In the worst of inhuman weather, these are the humans who rescue the lost and injured

On a windy March weekend nearly three years ago, backcountry skier Nicole Chupka trekked with a friend two-and-a-half miles up the steep slopes below Castle Peak, traversed through some trees to an open bowl, removed the climbing skins from her skis and pointed them downhill toward the warmth of Peter Grubb Hut. The blustery afternoon weather had worsened as they climbed, and the skies had turned dark. On Chupka's third turn, the thick snow grabbed her right ski, sending her into a twisting headfirst tumble and completely splintering her femur.

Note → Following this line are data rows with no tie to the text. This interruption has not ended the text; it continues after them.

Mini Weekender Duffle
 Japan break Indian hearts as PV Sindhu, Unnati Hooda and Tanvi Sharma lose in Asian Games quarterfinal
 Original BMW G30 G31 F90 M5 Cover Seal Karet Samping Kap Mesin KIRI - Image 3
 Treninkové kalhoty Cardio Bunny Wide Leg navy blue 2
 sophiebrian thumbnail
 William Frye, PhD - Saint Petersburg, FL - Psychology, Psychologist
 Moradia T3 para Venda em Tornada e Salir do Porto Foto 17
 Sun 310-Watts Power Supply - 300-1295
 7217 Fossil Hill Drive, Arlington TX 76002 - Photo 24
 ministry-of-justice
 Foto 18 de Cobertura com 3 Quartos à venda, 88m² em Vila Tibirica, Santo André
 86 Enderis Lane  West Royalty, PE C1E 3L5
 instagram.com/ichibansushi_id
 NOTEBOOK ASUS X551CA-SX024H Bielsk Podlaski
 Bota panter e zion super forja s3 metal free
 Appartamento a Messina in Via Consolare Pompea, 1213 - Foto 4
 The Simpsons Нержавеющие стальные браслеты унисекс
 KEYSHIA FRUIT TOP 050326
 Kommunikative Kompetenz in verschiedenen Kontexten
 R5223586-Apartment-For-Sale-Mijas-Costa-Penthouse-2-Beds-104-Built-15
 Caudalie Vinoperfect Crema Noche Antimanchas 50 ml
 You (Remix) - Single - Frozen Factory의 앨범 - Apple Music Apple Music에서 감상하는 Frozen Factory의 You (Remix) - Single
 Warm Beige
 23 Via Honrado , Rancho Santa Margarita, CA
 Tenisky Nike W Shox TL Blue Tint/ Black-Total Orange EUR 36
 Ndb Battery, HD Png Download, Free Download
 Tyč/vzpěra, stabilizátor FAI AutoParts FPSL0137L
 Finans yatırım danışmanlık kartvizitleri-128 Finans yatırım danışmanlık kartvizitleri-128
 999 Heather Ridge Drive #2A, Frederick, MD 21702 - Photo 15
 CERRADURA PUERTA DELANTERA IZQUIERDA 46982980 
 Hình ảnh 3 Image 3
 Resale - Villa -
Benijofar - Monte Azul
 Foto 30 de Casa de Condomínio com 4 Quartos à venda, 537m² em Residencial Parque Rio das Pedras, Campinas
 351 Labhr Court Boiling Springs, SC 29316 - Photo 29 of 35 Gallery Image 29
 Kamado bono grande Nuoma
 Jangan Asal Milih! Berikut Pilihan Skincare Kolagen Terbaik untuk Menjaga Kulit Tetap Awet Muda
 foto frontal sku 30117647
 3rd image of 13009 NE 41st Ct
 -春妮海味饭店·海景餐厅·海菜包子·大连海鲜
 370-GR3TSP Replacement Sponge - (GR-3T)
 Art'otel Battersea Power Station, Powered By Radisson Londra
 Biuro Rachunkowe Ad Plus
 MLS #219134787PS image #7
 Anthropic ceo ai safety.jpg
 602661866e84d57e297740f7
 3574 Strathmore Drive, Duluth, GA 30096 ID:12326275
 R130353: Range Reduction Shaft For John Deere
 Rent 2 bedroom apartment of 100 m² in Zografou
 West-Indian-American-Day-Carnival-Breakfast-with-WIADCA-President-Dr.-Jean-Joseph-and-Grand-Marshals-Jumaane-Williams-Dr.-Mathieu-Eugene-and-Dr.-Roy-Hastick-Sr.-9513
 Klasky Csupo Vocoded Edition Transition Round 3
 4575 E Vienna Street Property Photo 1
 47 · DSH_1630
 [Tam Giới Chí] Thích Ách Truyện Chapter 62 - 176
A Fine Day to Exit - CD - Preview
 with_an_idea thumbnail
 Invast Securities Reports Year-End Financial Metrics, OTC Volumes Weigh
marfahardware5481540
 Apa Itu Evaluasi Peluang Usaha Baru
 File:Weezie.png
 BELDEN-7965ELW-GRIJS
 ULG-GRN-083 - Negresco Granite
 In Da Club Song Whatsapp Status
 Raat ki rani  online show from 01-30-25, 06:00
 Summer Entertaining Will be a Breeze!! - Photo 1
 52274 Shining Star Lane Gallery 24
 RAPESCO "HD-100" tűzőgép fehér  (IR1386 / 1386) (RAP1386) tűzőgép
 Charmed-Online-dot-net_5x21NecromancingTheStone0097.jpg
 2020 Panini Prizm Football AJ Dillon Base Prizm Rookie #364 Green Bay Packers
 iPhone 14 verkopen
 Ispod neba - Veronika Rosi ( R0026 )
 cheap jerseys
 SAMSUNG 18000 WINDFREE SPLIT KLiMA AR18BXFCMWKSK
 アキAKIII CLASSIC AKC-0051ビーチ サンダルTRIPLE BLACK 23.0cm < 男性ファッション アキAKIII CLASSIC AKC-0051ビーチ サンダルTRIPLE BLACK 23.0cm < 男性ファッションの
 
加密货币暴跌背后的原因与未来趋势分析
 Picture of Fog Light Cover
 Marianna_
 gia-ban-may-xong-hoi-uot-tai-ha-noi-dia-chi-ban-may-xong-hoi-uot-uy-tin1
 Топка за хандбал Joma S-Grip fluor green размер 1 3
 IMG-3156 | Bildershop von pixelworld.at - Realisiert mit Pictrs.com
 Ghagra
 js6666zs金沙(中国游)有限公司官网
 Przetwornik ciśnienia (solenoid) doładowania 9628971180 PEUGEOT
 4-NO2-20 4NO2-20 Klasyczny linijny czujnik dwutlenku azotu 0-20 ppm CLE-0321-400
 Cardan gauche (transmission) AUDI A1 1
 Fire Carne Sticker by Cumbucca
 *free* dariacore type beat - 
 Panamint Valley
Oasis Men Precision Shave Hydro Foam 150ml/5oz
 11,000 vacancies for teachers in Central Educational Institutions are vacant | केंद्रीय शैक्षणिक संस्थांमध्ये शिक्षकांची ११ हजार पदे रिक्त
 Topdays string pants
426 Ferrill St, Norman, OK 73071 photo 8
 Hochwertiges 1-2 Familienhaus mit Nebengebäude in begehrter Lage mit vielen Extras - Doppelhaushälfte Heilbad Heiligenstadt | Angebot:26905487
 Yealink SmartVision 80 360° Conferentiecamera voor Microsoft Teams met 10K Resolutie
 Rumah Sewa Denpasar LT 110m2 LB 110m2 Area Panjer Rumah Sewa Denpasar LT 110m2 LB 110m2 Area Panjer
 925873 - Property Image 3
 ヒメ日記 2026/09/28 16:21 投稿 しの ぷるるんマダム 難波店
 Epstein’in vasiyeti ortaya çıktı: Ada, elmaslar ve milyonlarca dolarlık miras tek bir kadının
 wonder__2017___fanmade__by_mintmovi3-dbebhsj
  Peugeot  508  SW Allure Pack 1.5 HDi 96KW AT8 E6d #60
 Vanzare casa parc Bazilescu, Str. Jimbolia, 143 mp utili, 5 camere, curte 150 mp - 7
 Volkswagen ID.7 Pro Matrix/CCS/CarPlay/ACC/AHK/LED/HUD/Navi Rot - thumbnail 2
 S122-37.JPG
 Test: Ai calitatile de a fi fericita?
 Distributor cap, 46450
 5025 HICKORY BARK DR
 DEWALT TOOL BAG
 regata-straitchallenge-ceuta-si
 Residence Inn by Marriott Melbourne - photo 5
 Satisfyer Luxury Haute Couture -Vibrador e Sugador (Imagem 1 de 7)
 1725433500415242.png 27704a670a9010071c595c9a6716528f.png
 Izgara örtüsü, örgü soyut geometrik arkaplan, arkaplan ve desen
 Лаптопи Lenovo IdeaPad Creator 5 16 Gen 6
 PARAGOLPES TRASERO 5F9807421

"I don't remember it hurting that much as it broke, it just felt wrong," recalls the 38-year-old French teacher from Carmel Valley, California. On a walkie-talkie, her friend Judy summoned help from others in their group who had gone on to the hut. But after an hour of fruitless searching in deteriorating conditions and setting sun, their friends realized the seriousness of the situation and two of them raced down the mountain to the nearest road, three miles away, to look for help. Judy grabbed a shovel and started digging a snow cave; at 8:30 P.M. a trio of their friends from the hut finally stumbled upon the pair. With sleeping bags, Thermarests®, food, water and extra clothes, they tried to make Nicole—and the now-soaked Judy—as comfortable as possible. Then, they all squeezed into the shelter, out of the blowing snow and waited.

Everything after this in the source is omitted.